» TASK DATA:
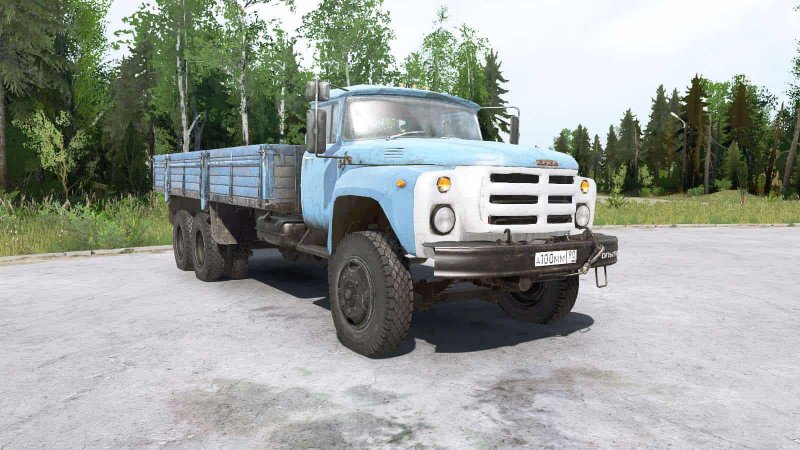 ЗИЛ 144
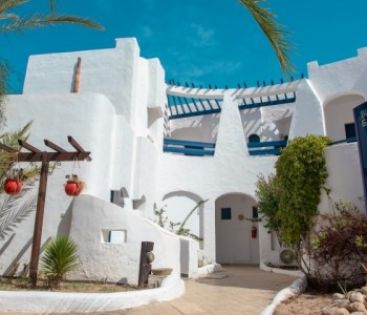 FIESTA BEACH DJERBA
==
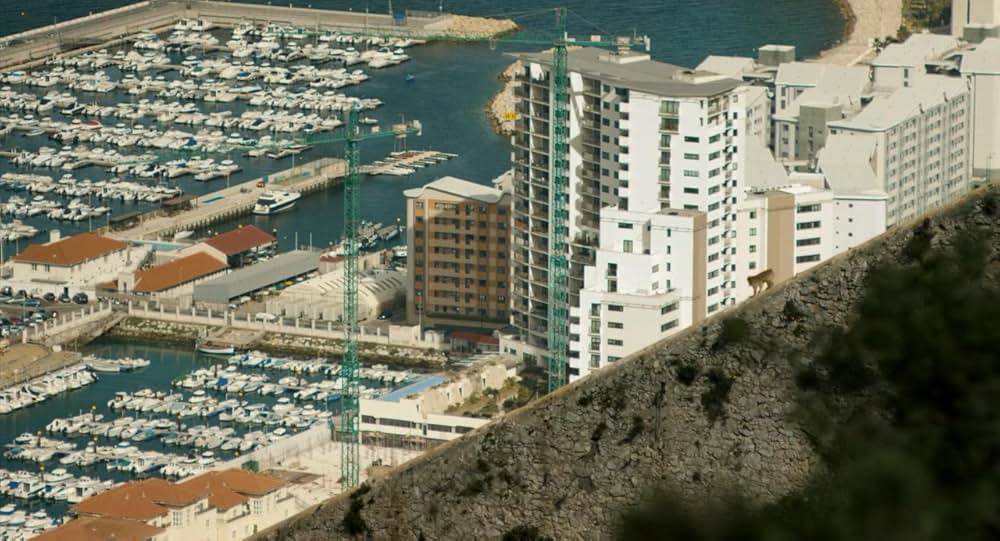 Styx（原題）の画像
...
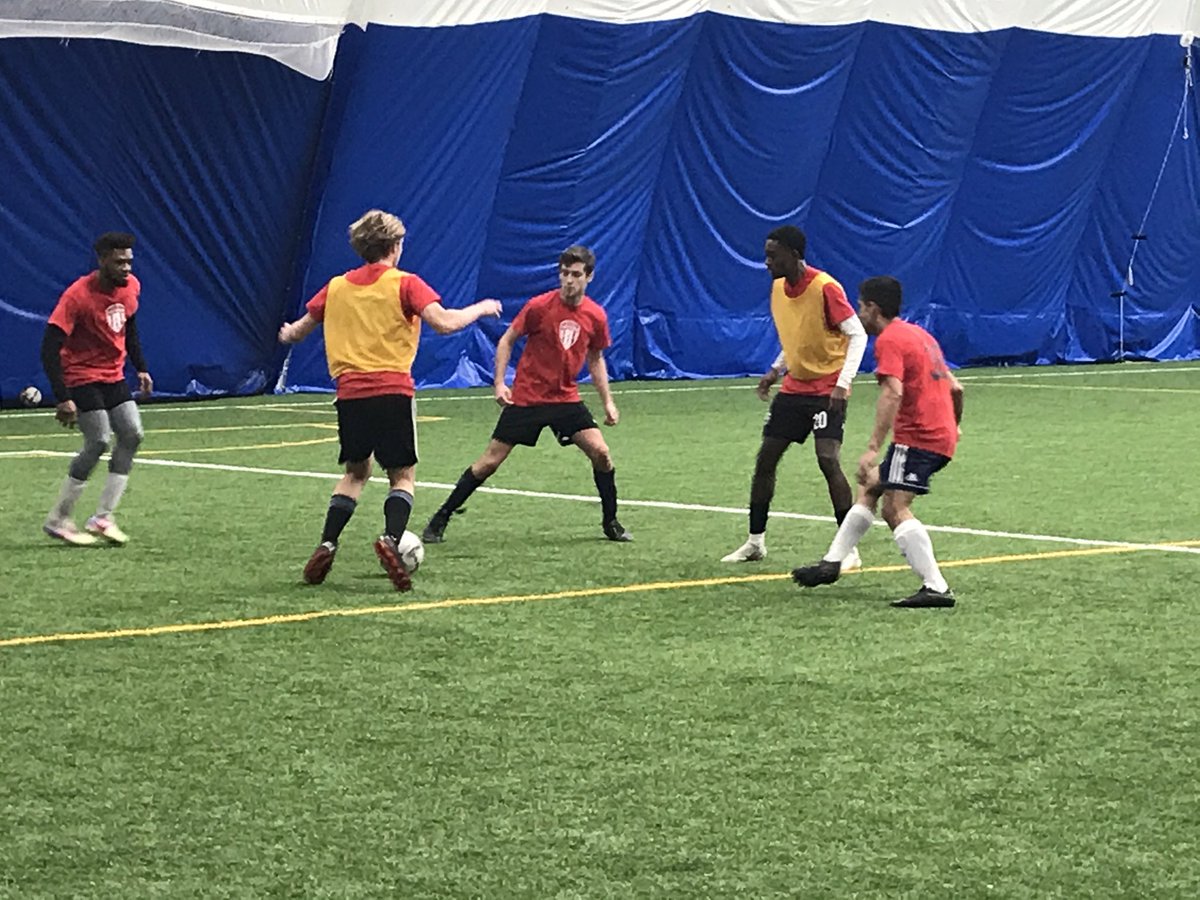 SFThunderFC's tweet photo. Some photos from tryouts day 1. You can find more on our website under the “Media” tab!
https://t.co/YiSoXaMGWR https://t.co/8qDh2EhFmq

» REQUIREMENT:
What's needed is an exact copy of the lines above from the one with "SFThunderFC's tweet photo." through the one with "https://t.co/YiSoXaMGWR https://t.co/8qDh2EhFmq", both included; the pictures stay out.

» TASK OUTPUT:
 SFThunderFC's tweet photo. Some photos from tryouts day 1. You can find more on our website under the “Media” tab!
https://t.co/YiSoXaMGWR https://t.co/8qDh2EhFmq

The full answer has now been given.